ジャンプアップを狙ったこのセカンドシングルは、結果としてオリコン最高13位、売上4.5万枚と、前作を上回る結果を残したのです。このあたりは、事務所の力、ホリプロスカウトキャラバン・グランプリというブランド力の力も大きかったのではないでしょうか。楽曲としてはさほど目立つ出来ではありませんでしたし、良くも悪くも無難なものだという印象。そして辛いのは伊藤美紀の歌唱力で、お世辞にも上手というレベルにはなく、そこで何か武器をというのも、なかなか厳しいところ。

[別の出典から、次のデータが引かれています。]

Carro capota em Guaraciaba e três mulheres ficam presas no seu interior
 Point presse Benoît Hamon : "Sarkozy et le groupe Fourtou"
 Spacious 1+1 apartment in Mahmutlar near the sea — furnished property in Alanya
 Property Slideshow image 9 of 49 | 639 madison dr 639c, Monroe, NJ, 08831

その後3枚目のシングル『UBU』(1987年10月)まではトップ20入り(オリコン16位)を果たすものの、デビュー2年目となった4枚目以降は早くも下降線に。栃内淳&井上ヨシマサの手を離れたあとは、曲も迷走していき、『やる気マンマン体操』(1988年8月)なんて、いやはや…。結局アイドル歌手として大成することはなく女優に転身し、1990年代はテレビドラマなどで活躍をしていました。